One would think that the purpose of a political party is to grow larger so that when election time comes, they would get more votes than the other fellow. Not so the GOP. In what has to be considered a revolutionary approach to party building, the Republicans believe in first shrinking the party so that only little old ladies who think that Wendell Wilke is nifty and young hip-hoppers who took a wrong turn on their way to the MTV Video Awards show up at the next caucus.

Republican leaders should consider themselves lucky that they have the Wilke bloc wrapped up for 2008. Whether they can persuade the 50 Cent Fan Club to vote for the GOP is another question. And perhaps, if they try very hard, they may be able to snag a couple refugees from the last episodes of Survivor: Fiji, possibly the only souls in the nation who are unaware of how bollixed up the Republican Party has become.

None of that matters as much as the storm of outrage roiling much of the country over what many conservatives chose to call an amnesty bill. The white hot anger — felt by the GOP’s most loyal, most reliable voters — directed at much of the party’s leadership threatens to ignite a grass-roots prairie fire that could make the 2008 election the Republican Waterloo. A nail in the coffin of the GOP that will keep it in the political wilderness for a decade or more.

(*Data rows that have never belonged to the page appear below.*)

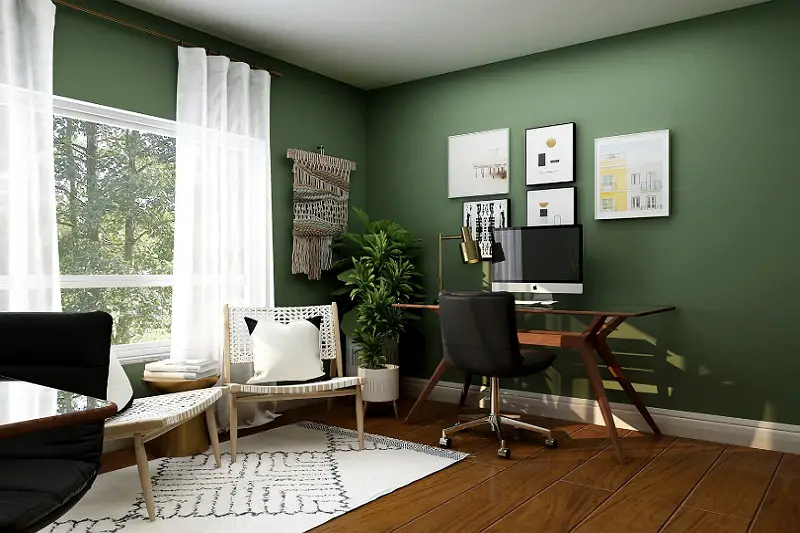 ¿De qué color van las cortinas con las paredes verdes? ¡Los 5 mejores colores de cortinas!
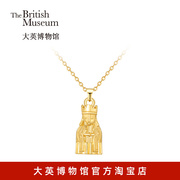 大英博物馆西洋棋18k金项链吊坠男女小众设计感复古个性七夕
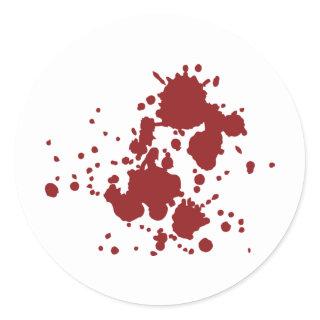 horror blood stains classic round sticker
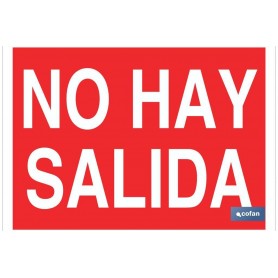 ▷ Cartel No hay salida | Ferreidea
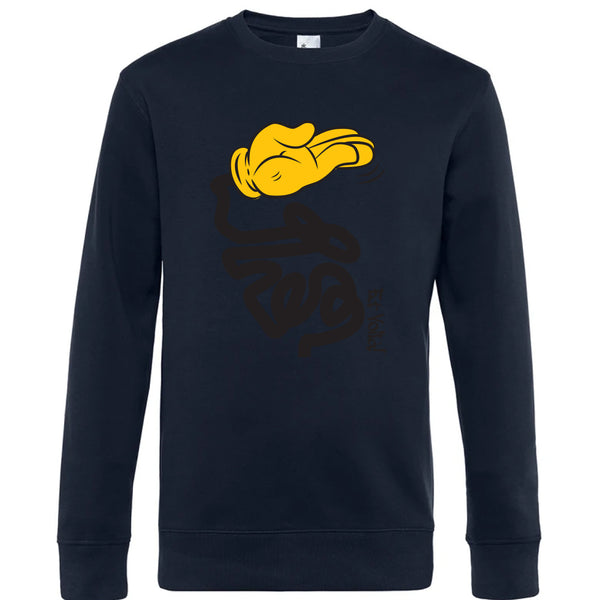 Crew Neck Sweatshirt Plush Interior EtVoilà- Man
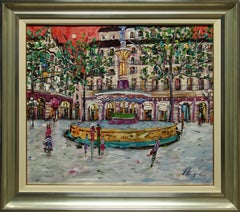 Fontaine du Theatre-Francais at Place Andre Malraux, Paris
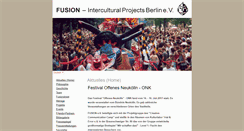 Desktop Screenshot of fusionstreet.com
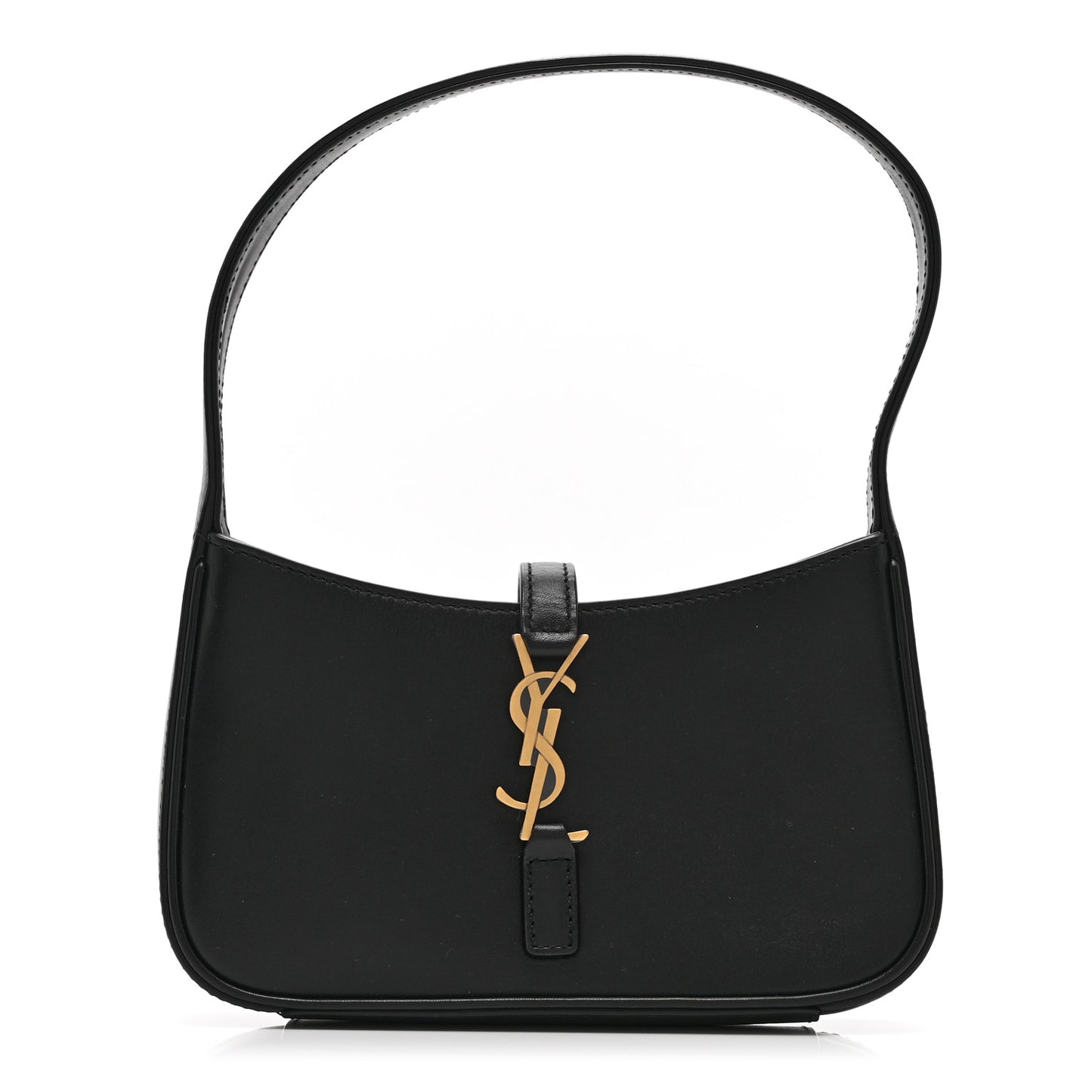 Smooth Calfskin Le 5 A 7 Mini Hobo Black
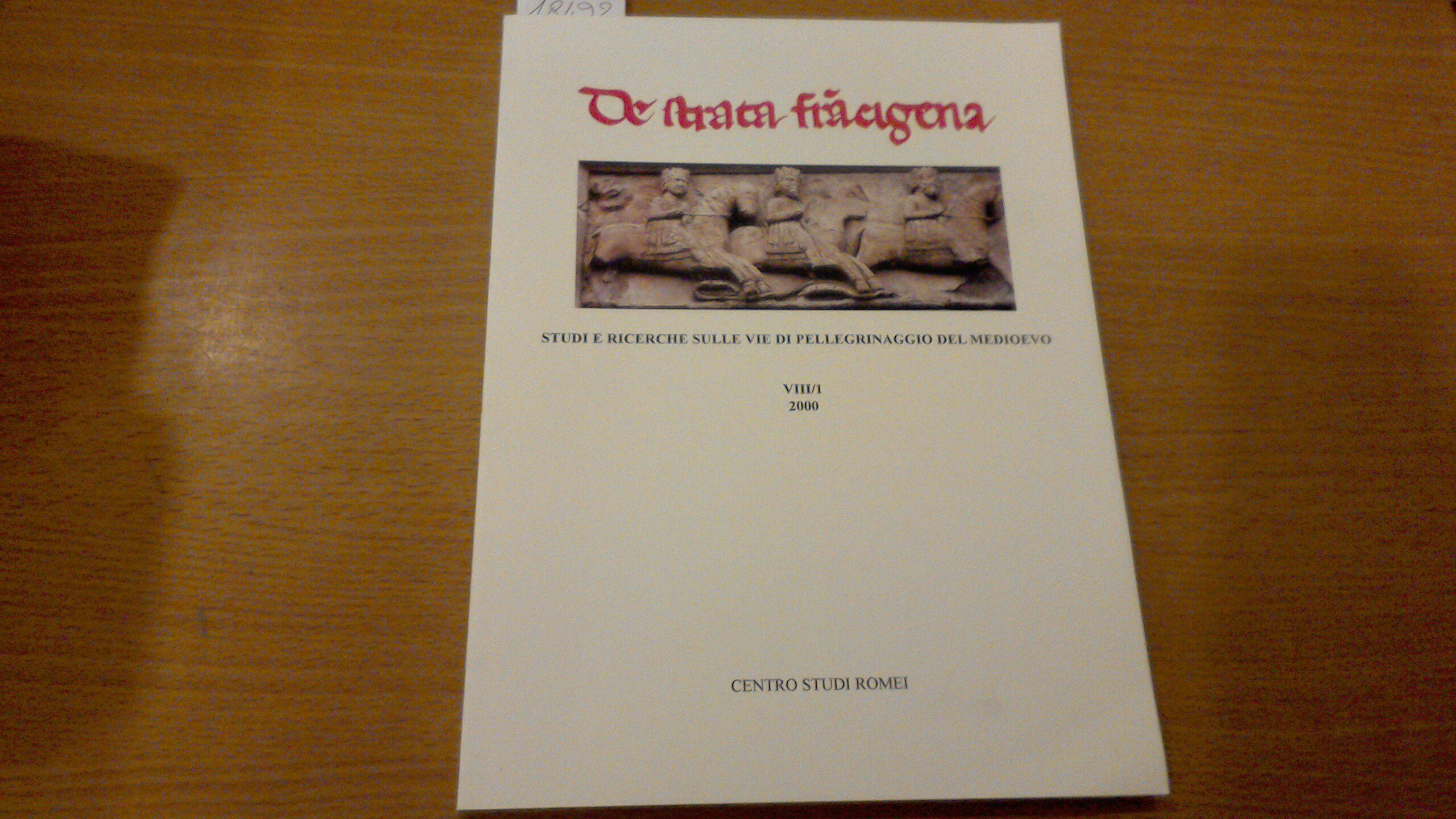 De Strata Francigena VIII / 1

The pleas and entreaties from the base to Senators not to bring the bill to the floor went unheeded. To make matters worse, several high profile backers of the bill all but called opponents of the measure racists and xenophobes. This incredible tone deafness on the part of party bigwigs will cost them dearly. Conservative websites are filled to the brim with commenters who swear that they’ll never vote Republican again, much less contribute any money to the party. Even if you chalk some of this up to hyperbole, the universality of the sentiments expressed by conservatives against Republicans is something that party leaders ignore at their peril.

The fallout affecting the President may be the most damaging of all. Having just defied a Congressional subpoena by invoking executive privilege, Bush may very well need the base he has just alienated in order to fight off efforts by Congress to dig deeper into the administration’s paperwork jungle. While it’s unclear how hard the Democratic Congress is willing to press the issue, they will not have to worry about a united Republican Party standing behind the President.

Then there’s Iraq. Will the base still go to the mat for Bush in September when the next round of the Bush vs. Dems cage match begins? Public support for the war is already at its lowest ebb. If conservatives were to abandon the President, he would find himself in a lonely position indeed. Already bleeding support on the Hill, by September the Commander in Chief could find himself in the position of being barely able to muster a corporal’s guard worth of Congressmen to support him on Iraq.

Finally, the “I” word. Speaker Pelosi promised there would be no impeachment proceedings against the President following the Democratic takeover of Congress last November. But impeachment talk has been recently revived among the powerful netroots community, and defying a Congressional subpoena will do nothing to tamp down that kind of talk. Depending on how far the Democrats want to take a constitutional confrontation, the pressure on the House Democratic leadership to at least begin an investigation into the possibility of impeachment may be too great to resist. One wonders if Bush has enough support in either chamber to survive such an effort. He certainly won’t have much help from angry conservatives out in the hinterlands.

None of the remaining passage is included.